## Your goal:
If pictures appear among the lines below, leave them out while you return exactly the lines from the one with "Spitzenshirt gemischt" through the one with "Alf Meme Sling".

## Input:

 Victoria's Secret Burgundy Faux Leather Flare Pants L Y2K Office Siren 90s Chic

==

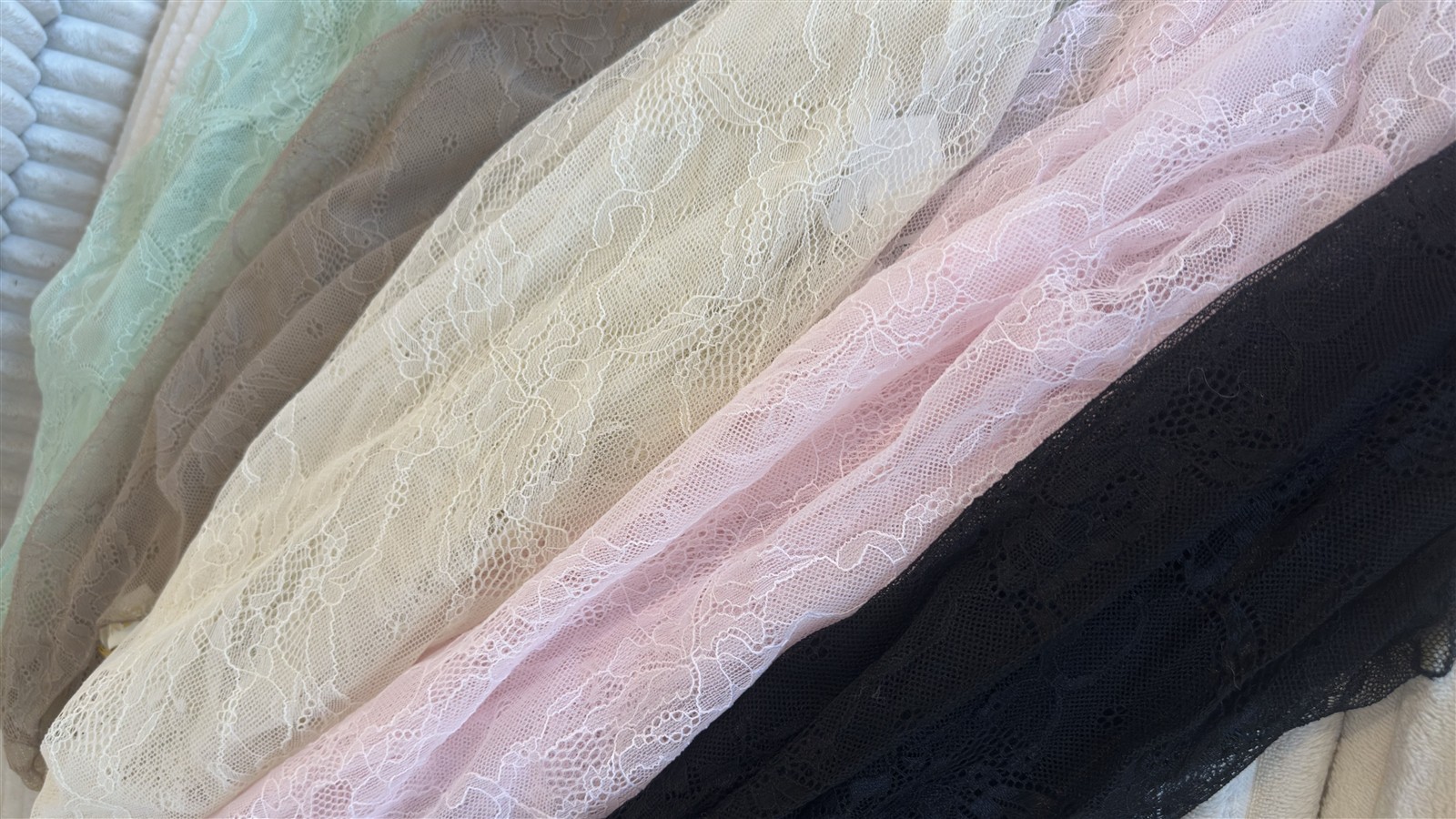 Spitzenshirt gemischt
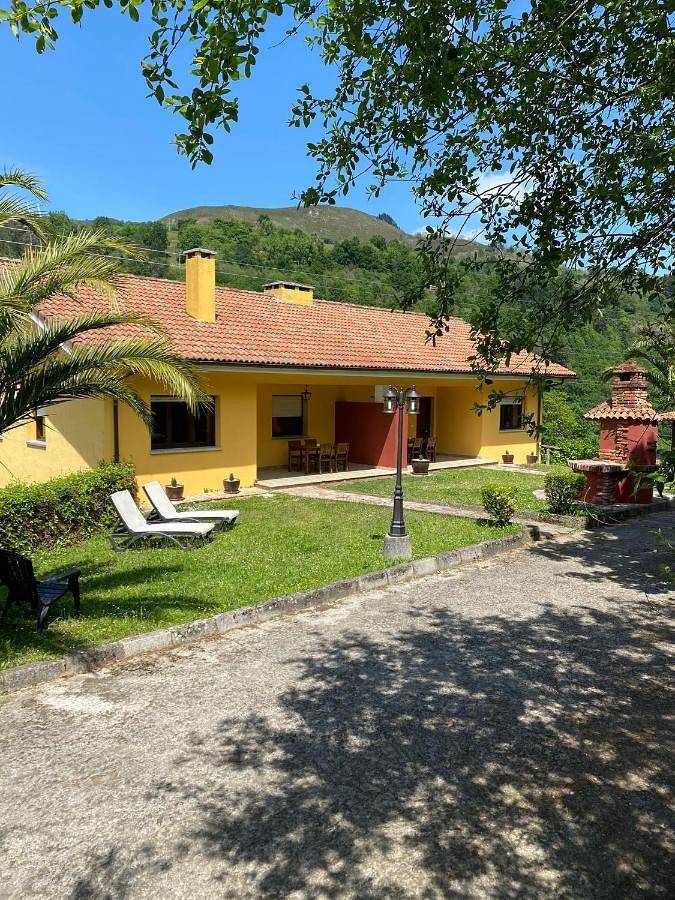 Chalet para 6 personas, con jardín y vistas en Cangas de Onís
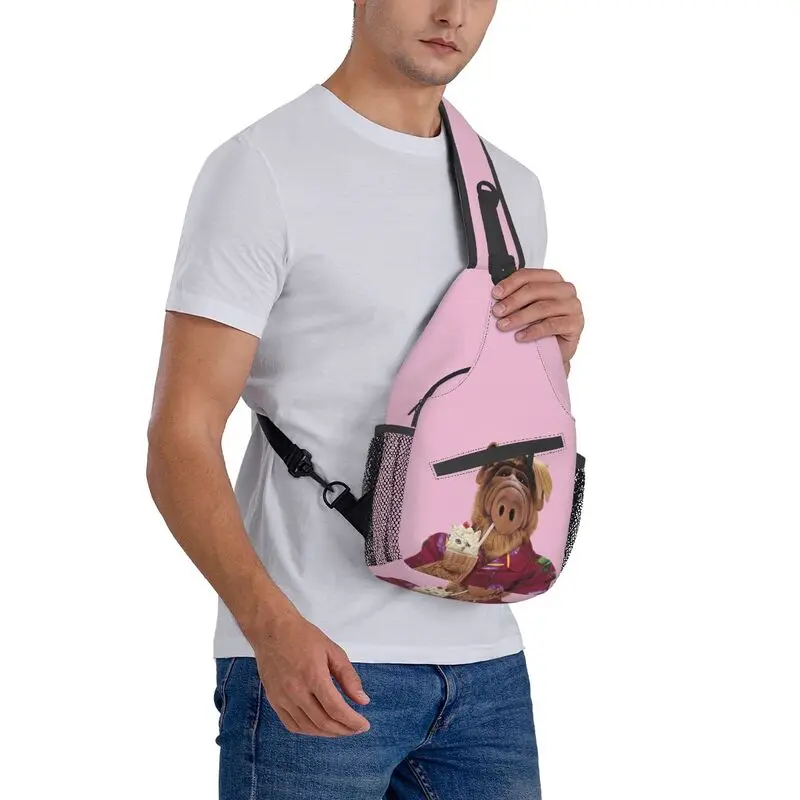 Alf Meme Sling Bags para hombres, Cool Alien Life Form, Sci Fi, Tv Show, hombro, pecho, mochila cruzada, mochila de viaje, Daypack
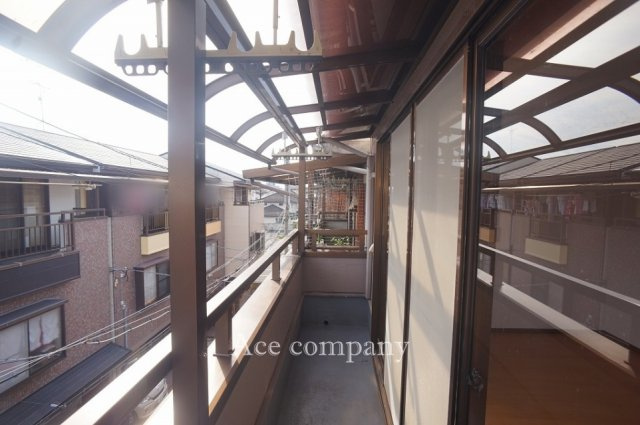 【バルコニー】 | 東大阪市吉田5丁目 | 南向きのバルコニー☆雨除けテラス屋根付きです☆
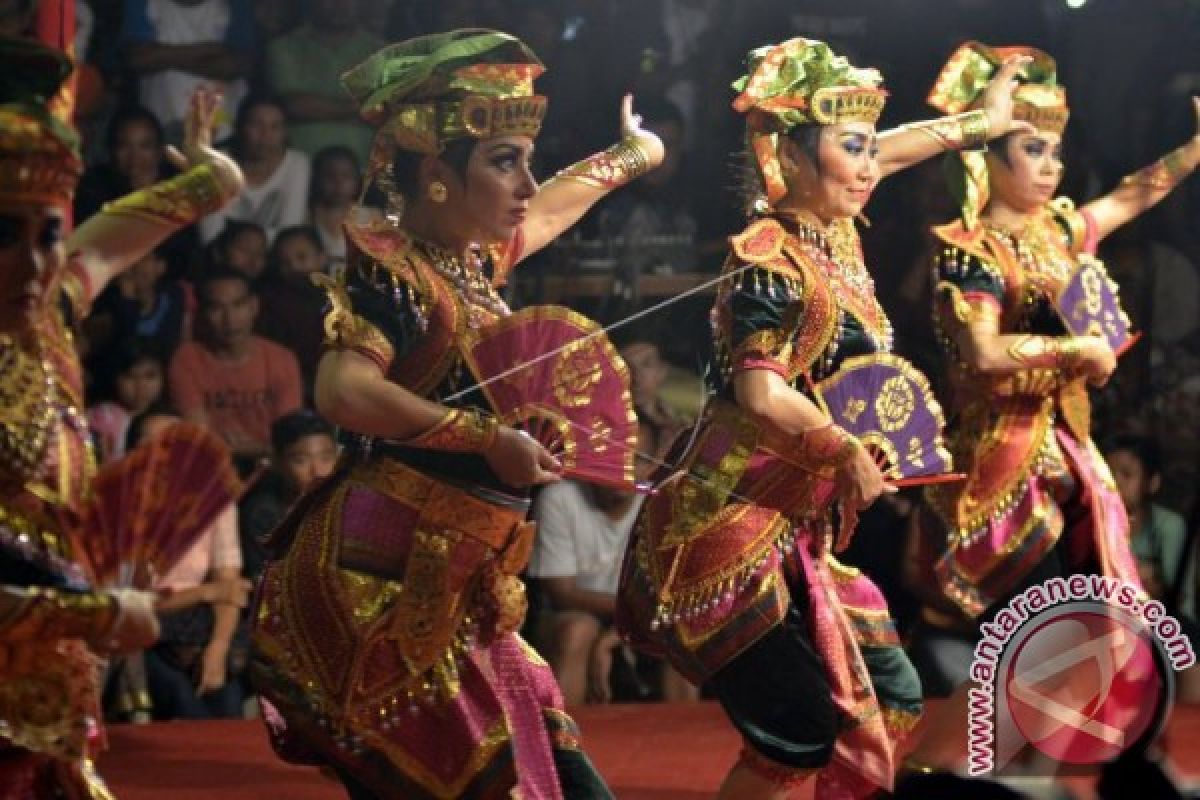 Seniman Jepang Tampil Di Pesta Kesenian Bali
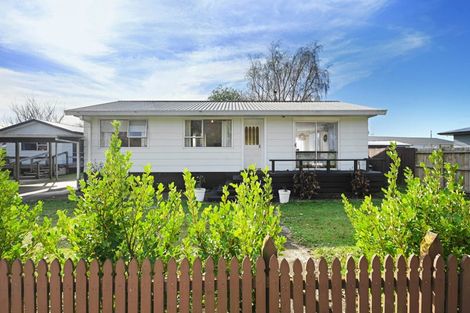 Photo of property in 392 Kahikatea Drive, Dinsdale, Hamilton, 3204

...

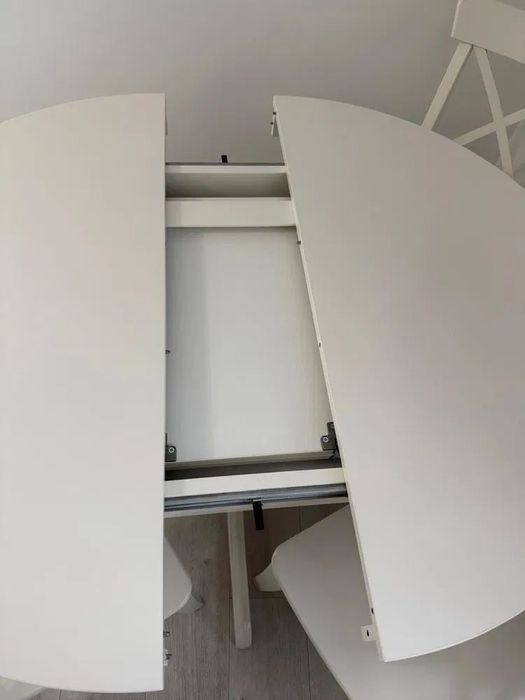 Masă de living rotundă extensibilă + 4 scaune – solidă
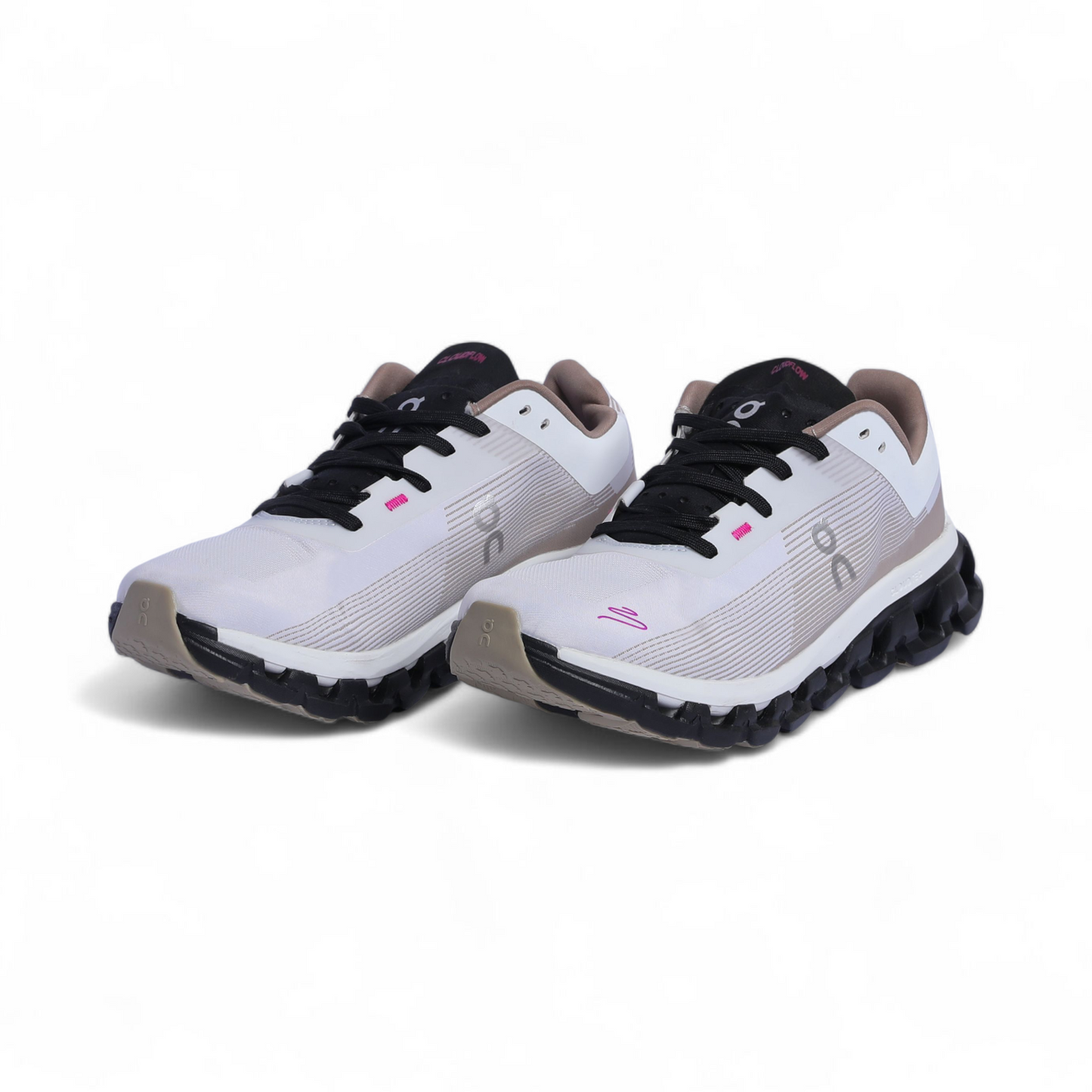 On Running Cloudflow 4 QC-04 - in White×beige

## Response to this task:
 Spitzenshirt gemischt
 Chalet para 6 personas, con jardín y vistas en Cangas de Onís
 Alf Meme Sling Bags para hombres, Cool Alien Life Form, Sci Fi, Tv Show, hombro, pecho, mochila cruzada, mochila de viaje, Daypack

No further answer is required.